- [What is expected]: When you reach the line containing "Vibrant Horse Distressed", begin reproducing the material exactly, stop after the line containing "L900 PRO GPS", and leave out any pictures along the way.

- [Available records]:
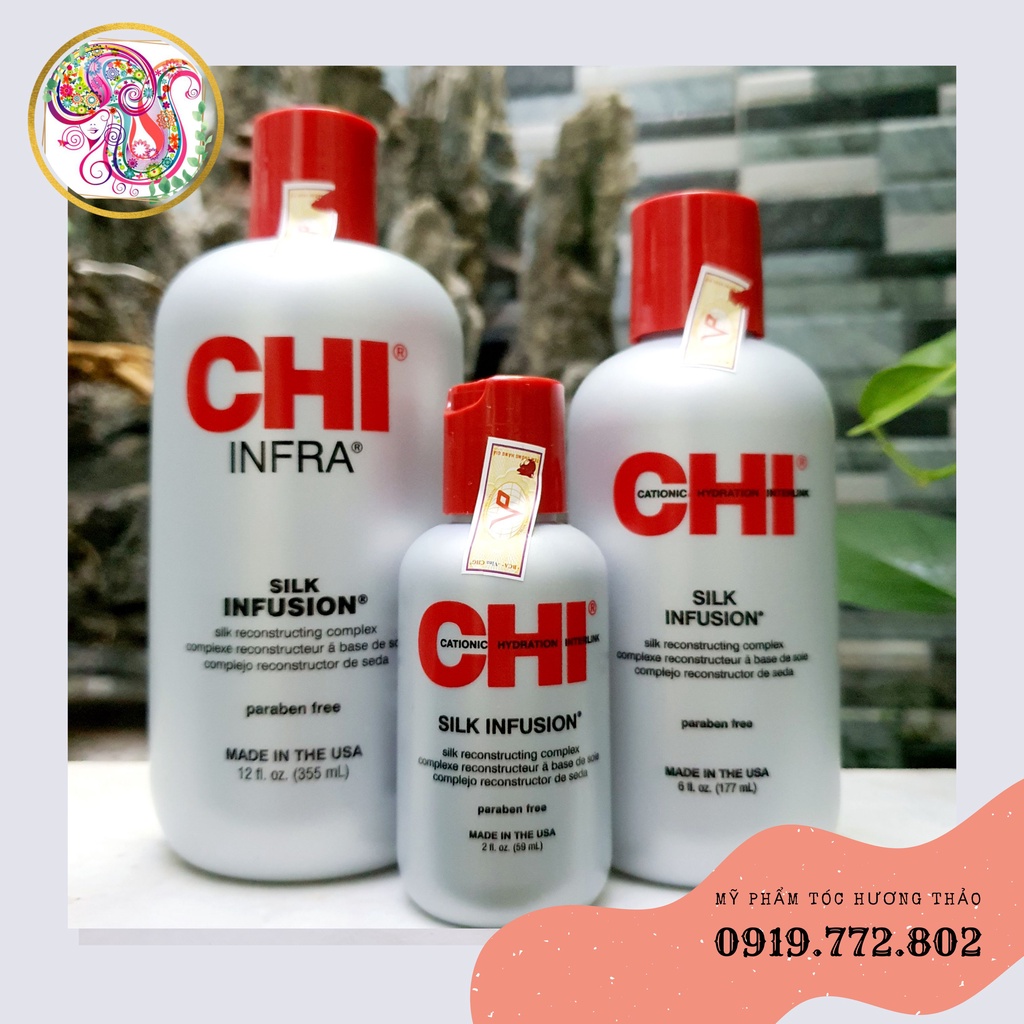 Tinh dầu dưỡng bóng tóc CHI Silk Infusion Silk Rescontructing Complex Mỹ - 59ml/ 177ml/ 355ml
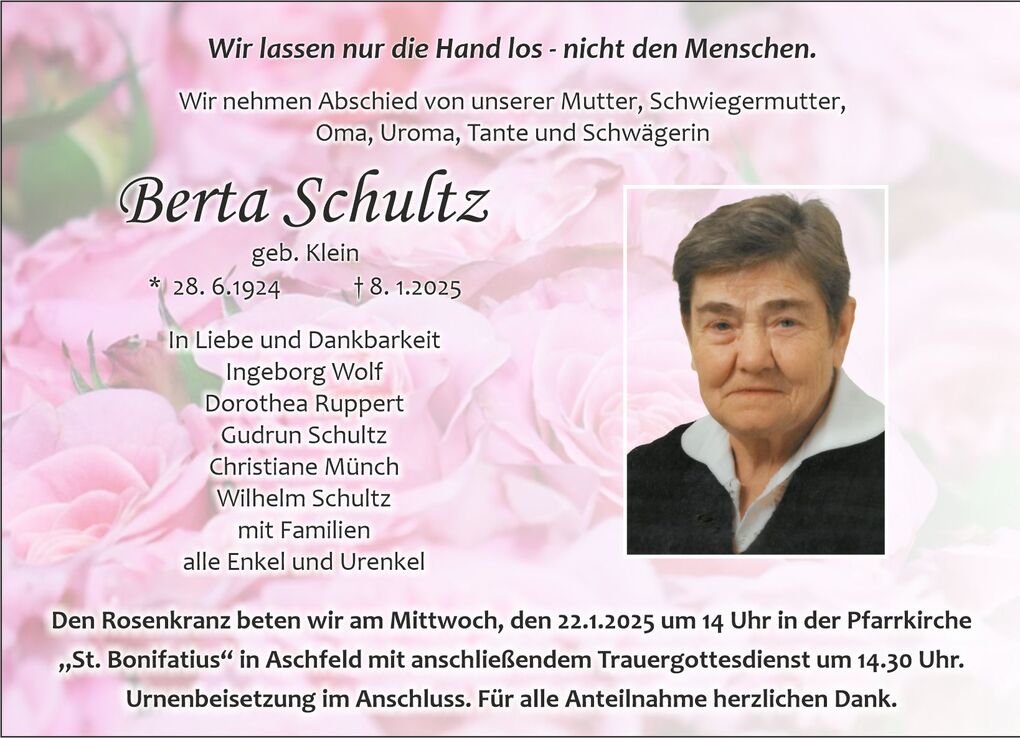 Sterbebild von Berta Schultz, umrahmt von rosa Rosen, mit Geburts- und Sterbedatum sowie Traueranzeige.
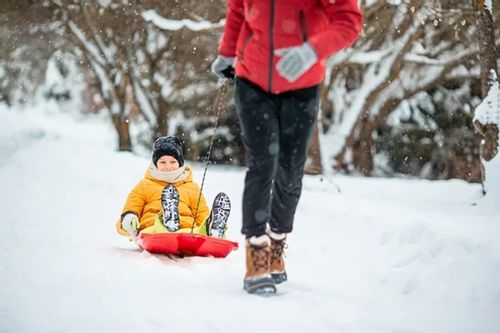 PLASTIKOWE SANKI ŚLIZGI Z HAMULCEM HORNET CZERWONY na Arena.pl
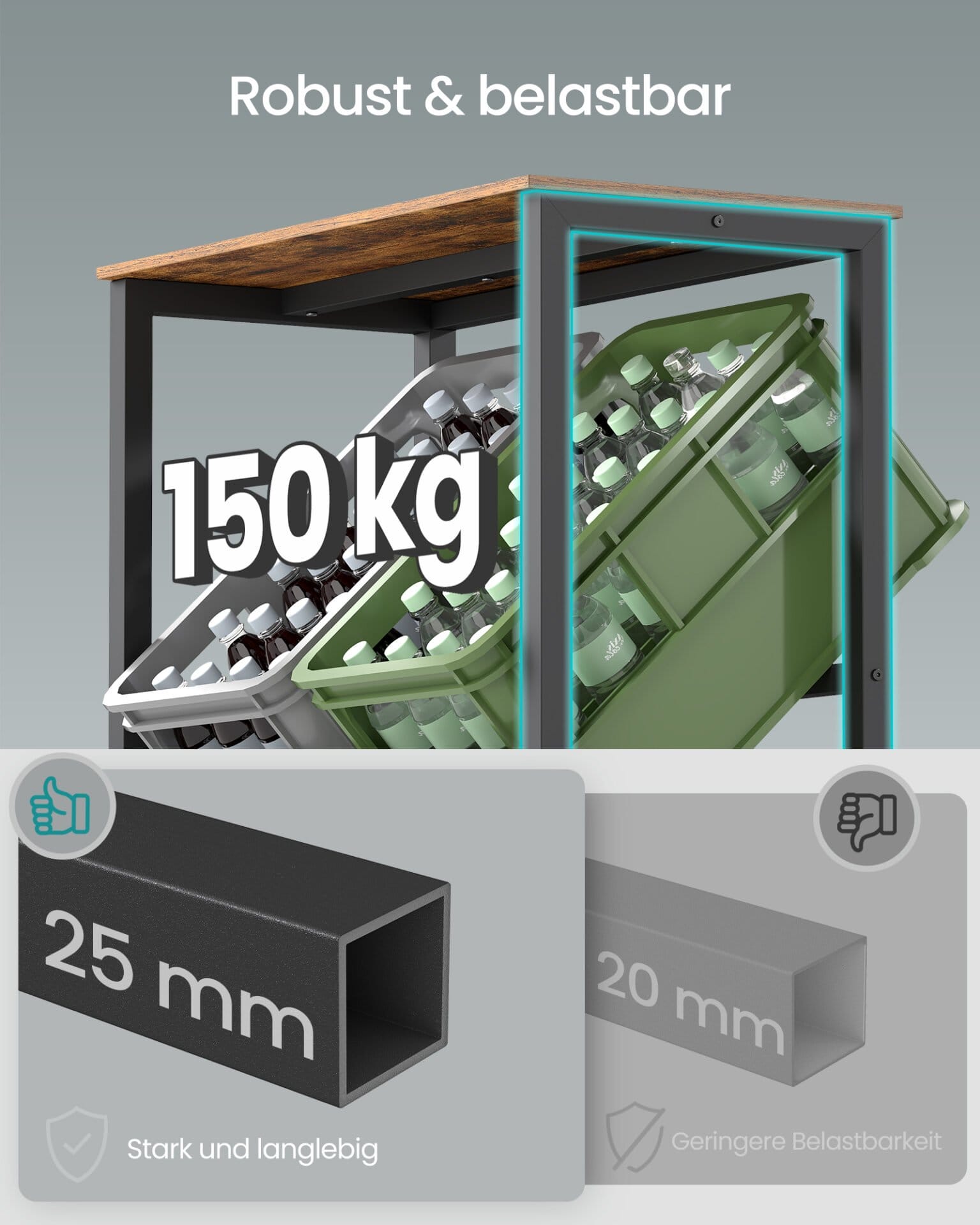 SONGMICS Beverage Crate Rack 2 Tier 4 Crate Storage Rack Each Tier Load 150kg Steel Drinks Rack Kitchen Living Room Garage Vintage Brown Ink Black BSC373K01 2 SONGMICS Beverage Crate Rack 2 Tier 4 Crate Storage Rack Each Tier Load 150kg Steel Drinks Rack Kitchen Living Room Garage Vintage Brown Ink Black BSC373K01 - Billede 2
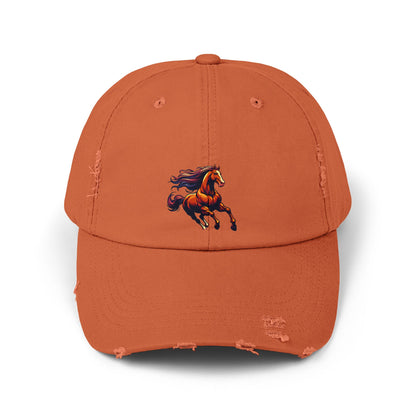 Vibrant Horse Distressed Cap | Unisex, Casual Style, Perfect Gift for Animal Lovers, Summer Outings, Outdoor Adventures, Birthdays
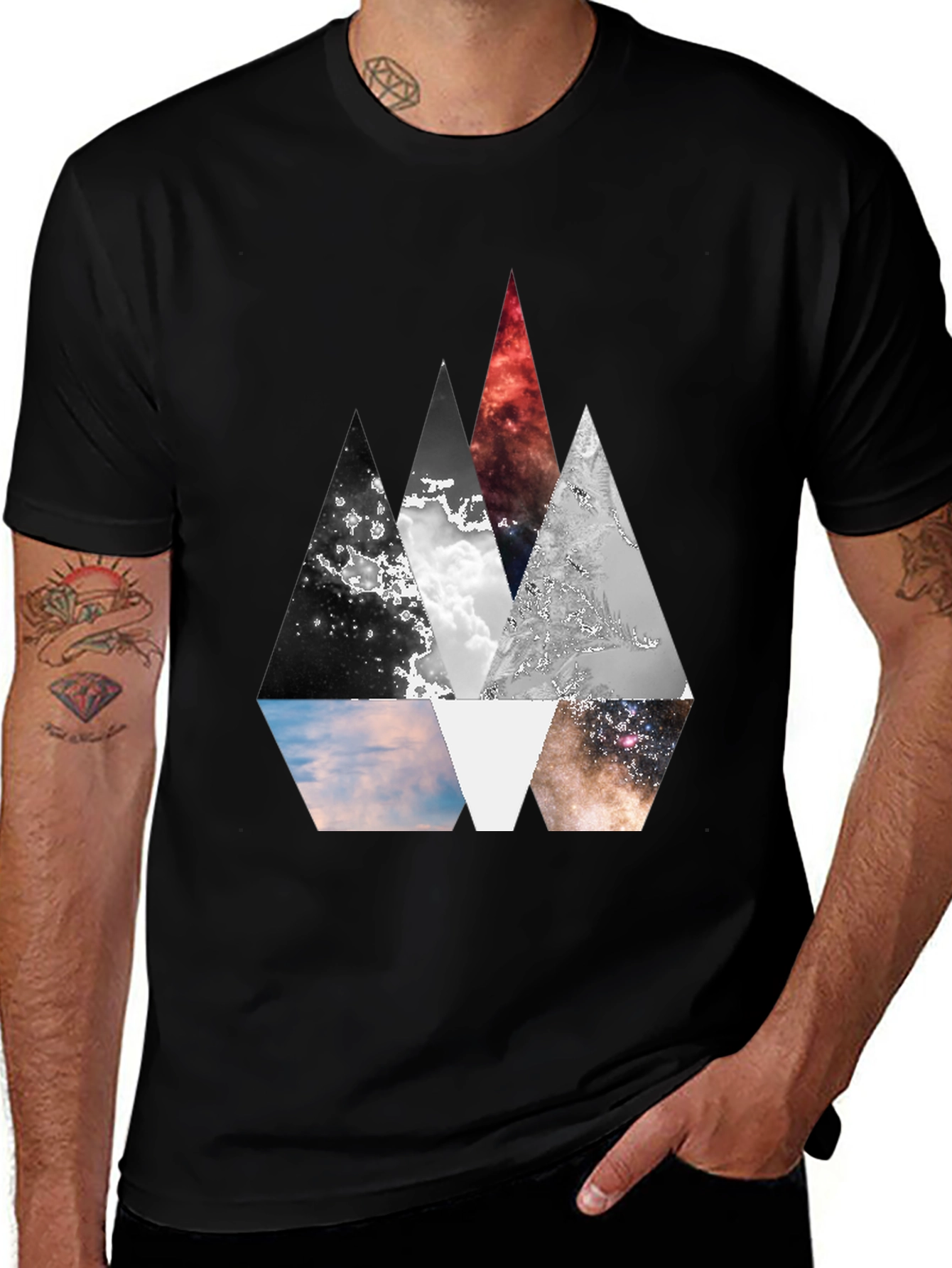 Variant 9 of Geometric Mountainscape Graphic Tee - Modern Design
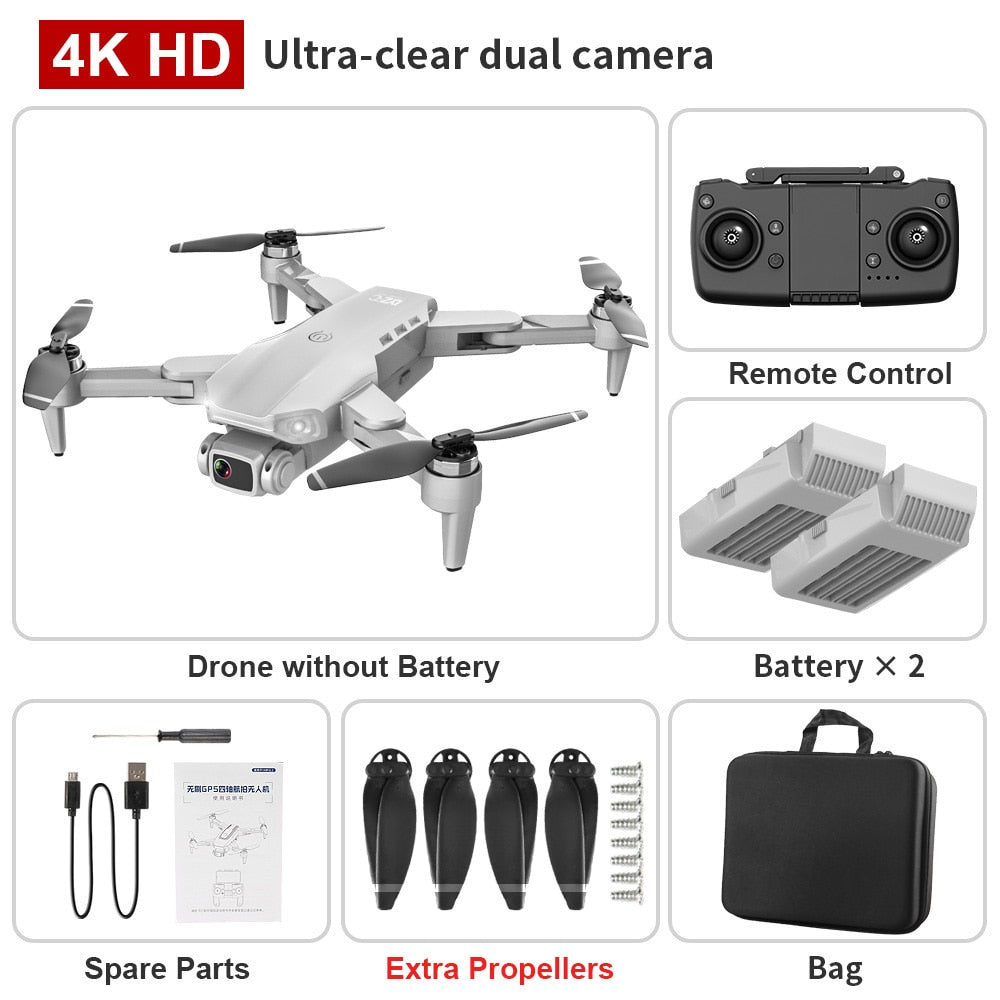 L900 PRO GPS Drone 4K Dual HD Camera Professional Aerial Photography Brushless Motor Foldable Quadcopter - OutdoorExplorersKit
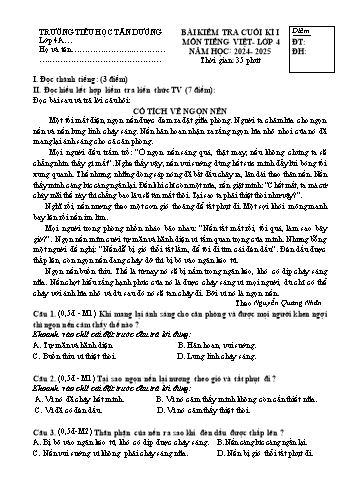 Đề kiểm tra cuối học kỳ I môn Tiếng Việt Lớp 4 - Năm học 2024-2025 - Trường Tiểu học Tân Dương (Có đáp án + Ma trận)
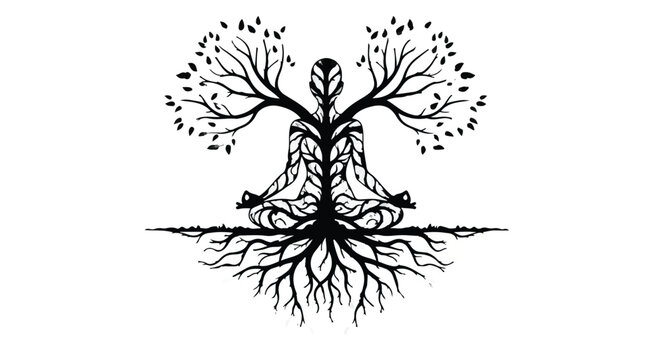 Meditating figure with branches and roots symbolizing growth and connection to nature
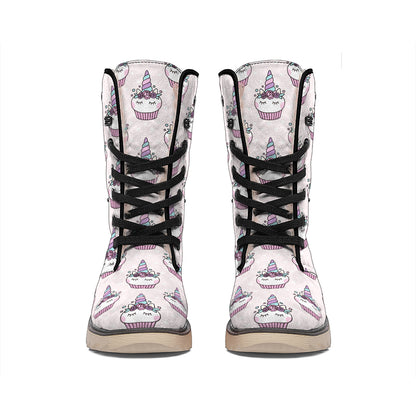 Unicorn Cupcake Pattern Print Winter Boots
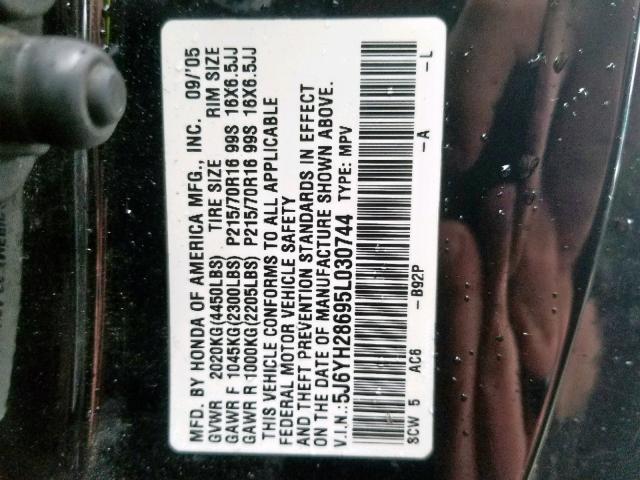 5J6YH28695L030744 - 2005 HONDA ELEMENT EX BLACK photo 10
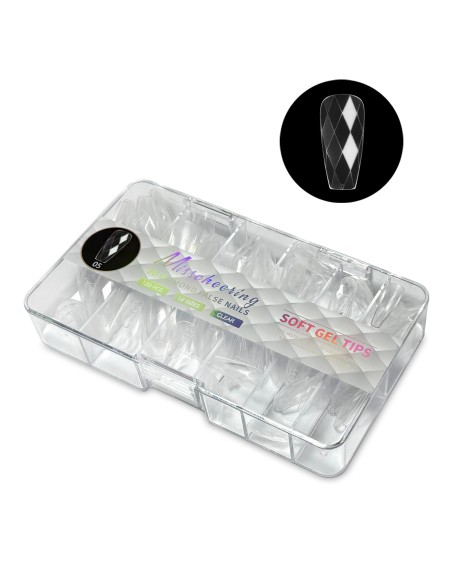 GEL TIPS BALERINĂ TRANSPARENTE MODEL MOZAIC SET 120 BUC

- [Output of the exercise]:
 Vibrant Horse Distressed Cap | Unisex, Casual Style, Perfect Gift for Animal Lovers, Summer Outings, Outdoor Adventures, Birthdays
 Variant 9 of Geometric Mountainscape Graphic Tee - Modern Design
 L900 PRO GPS Drone 4K Dual HD Camera Professional Aerial Photography Brushless Motor Foldable Quadcopter - OutdoorExplorersKit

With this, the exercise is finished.